* WHAT TO WORK ON *
Repeat the stretch of entries below from the line with "Zenagen Revolve lifestyle" through the line with "Pigment Mixing Stick". Include both ends and add nothing.

(Items listed in a dataset)
________________
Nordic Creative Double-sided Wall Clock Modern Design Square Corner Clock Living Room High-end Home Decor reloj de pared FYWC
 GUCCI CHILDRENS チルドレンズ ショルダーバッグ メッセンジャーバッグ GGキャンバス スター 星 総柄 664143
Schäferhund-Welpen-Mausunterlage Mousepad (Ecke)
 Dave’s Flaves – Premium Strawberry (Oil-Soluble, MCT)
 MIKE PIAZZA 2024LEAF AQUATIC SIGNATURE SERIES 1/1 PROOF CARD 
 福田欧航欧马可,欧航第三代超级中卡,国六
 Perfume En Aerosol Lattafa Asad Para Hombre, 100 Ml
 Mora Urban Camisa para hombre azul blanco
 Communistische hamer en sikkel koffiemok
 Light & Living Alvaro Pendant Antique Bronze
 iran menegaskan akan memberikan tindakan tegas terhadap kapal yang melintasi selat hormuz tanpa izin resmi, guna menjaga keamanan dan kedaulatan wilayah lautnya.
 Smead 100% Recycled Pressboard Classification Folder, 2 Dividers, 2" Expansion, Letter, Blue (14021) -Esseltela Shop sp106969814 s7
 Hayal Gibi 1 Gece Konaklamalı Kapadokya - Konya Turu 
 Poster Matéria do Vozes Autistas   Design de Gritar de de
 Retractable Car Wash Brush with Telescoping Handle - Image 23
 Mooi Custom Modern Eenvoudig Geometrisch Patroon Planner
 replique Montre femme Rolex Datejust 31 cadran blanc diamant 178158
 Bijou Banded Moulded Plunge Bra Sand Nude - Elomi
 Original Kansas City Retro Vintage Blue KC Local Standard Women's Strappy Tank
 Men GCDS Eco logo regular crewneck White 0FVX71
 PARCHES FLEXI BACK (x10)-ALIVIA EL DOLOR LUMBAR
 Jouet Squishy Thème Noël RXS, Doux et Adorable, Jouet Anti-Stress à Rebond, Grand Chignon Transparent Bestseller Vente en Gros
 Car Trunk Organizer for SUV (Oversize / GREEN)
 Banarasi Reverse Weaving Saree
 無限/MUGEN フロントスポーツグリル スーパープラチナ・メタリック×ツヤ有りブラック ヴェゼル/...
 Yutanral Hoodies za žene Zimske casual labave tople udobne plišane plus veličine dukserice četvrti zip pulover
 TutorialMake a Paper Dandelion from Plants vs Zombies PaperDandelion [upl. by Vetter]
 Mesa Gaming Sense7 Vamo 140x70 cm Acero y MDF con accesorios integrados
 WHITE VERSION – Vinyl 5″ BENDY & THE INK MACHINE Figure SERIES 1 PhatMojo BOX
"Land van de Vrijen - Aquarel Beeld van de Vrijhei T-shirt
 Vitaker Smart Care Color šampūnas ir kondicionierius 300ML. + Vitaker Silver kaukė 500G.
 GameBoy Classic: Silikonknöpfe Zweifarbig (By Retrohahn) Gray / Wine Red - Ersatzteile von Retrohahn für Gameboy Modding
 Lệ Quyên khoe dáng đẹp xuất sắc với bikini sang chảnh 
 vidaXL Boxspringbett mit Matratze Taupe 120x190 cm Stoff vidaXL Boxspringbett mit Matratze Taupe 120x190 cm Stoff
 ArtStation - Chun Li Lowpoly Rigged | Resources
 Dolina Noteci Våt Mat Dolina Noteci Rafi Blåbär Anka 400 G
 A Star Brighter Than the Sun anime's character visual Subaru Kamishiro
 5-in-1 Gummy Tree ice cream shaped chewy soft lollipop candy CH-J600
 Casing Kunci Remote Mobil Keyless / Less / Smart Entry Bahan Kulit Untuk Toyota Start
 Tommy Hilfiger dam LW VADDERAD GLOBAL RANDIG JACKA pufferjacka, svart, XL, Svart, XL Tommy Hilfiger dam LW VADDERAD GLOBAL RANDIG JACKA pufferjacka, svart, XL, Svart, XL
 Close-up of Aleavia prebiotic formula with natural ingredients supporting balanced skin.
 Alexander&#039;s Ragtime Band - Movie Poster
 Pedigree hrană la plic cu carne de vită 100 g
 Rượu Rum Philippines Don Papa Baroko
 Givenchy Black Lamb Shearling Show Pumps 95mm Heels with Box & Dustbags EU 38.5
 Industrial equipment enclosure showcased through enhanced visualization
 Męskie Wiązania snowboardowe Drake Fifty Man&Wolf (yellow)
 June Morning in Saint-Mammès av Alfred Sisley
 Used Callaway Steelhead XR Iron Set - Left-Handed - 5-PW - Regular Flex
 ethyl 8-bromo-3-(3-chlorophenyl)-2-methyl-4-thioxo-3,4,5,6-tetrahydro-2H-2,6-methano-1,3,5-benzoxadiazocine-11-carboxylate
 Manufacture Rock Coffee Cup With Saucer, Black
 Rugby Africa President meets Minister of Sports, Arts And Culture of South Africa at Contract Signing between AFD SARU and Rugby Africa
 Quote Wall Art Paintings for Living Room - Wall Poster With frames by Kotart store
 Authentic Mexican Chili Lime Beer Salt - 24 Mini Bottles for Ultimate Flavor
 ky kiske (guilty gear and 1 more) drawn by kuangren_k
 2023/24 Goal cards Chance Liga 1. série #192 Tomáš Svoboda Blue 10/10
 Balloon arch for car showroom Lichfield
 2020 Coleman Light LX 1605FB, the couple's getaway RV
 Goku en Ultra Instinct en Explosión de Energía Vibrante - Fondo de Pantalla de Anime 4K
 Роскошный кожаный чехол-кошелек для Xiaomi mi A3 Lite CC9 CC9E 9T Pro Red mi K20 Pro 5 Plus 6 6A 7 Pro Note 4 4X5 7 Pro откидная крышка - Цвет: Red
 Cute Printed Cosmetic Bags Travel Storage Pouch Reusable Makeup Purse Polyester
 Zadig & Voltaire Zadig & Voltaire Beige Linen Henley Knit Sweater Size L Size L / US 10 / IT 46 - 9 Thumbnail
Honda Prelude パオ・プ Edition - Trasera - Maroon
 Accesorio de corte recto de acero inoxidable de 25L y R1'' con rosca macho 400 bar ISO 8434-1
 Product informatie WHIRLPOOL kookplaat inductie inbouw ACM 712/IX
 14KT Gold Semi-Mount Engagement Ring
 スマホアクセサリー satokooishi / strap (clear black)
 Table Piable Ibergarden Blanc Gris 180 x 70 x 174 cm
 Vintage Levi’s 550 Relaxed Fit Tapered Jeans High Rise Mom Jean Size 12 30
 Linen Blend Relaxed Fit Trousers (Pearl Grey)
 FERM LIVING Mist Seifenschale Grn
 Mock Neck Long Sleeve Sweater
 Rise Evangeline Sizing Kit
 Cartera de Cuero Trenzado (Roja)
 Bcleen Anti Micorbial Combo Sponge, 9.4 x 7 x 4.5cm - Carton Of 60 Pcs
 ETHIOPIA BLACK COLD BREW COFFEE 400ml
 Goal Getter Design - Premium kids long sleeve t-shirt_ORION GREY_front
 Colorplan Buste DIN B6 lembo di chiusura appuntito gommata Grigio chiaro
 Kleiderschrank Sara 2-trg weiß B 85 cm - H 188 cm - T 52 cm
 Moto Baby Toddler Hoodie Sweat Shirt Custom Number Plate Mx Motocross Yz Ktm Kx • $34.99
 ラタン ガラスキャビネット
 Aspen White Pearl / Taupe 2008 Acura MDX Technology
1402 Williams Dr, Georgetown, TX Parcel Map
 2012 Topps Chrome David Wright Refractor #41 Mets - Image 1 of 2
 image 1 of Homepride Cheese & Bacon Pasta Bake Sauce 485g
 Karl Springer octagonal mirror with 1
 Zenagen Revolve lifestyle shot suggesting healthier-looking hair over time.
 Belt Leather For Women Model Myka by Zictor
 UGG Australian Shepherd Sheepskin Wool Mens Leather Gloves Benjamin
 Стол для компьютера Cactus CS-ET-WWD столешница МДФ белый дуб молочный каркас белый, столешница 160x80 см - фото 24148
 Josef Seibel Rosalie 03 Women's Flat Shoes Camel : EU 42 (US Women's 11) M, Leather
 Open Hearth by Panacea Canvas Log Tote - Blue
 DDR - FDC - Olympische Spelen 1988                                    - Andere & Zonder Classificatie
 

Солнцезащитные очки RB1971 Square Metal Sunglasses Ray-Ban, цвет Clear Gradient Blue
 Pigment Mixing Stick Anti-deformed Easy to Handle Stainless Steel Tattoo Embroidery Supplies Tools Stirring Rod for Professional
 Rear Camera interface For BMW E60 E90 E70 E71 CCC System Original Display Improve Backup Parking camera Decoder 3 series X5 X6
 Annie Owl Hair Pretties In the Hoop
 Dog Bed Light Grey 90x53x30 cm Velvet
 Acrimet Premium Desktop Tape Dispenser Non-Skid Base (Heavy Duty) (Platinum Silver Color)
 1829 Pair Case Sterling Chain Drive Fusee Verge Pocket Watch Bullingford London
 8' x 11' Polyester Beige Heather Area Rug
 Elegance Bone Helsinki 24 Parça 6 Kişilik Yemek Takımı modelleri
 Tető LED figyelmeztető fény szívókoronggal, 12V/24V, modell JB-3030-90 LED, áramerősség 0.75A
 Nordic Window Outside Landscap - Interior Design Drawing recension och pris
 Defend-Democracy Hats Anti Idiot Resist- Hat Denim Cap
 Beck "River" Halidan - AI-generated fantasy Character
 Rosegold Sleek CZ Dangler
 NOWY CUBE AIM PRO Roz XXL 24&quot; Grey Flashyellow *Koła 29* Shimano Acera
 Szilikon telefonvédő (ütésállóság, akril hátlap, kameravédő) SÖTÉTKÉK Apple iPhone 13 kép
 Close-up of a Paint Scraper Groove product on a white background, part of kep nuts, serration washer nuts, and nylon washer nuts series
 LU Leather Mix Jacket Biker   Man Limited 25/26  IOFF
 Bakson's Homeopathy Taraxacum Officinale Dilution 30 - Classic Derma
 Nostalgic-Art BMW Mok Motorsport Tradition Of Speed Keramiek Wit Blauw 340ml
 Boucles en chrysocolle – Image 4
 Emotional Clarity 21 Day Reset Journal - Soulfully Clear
________________
* SOLUTION TO THIS TASK *
 Zenagen Revolve lifestyle shot suggesting healthier-looking hair over time.
 Belt Leather For Women Model Myka by Zictor
 UGG Australian Shepherd Sheepskin Wool Mens Leather Gloves Benjamin
 Стол для компьютера Cactus CS-ET-WWD столешница МДФ белый дуб молочный каркас белый, столешница 160x80 см - фото 24148
 Josef Seibel Rosalie 03 Women's Flat Shoes Camel : EU 42 (US Women's 11) M, Leather
 Open Hearth by Panacea Canvas Log Tote - Blue
 DDR - FDC - Olympische Spelen 1988                                    - Andere & Zonder Classificatie
 

Солнцезащитные очки RB1971 Square Metal Sunglasses Ray-Ban, цвет Clear Gradient Blue
 Pigment Mixing Stick Anti-deformed Easy to Handle Stainless Steel Tattoo Embroidery Supplies Tools Stirring Rod for Professional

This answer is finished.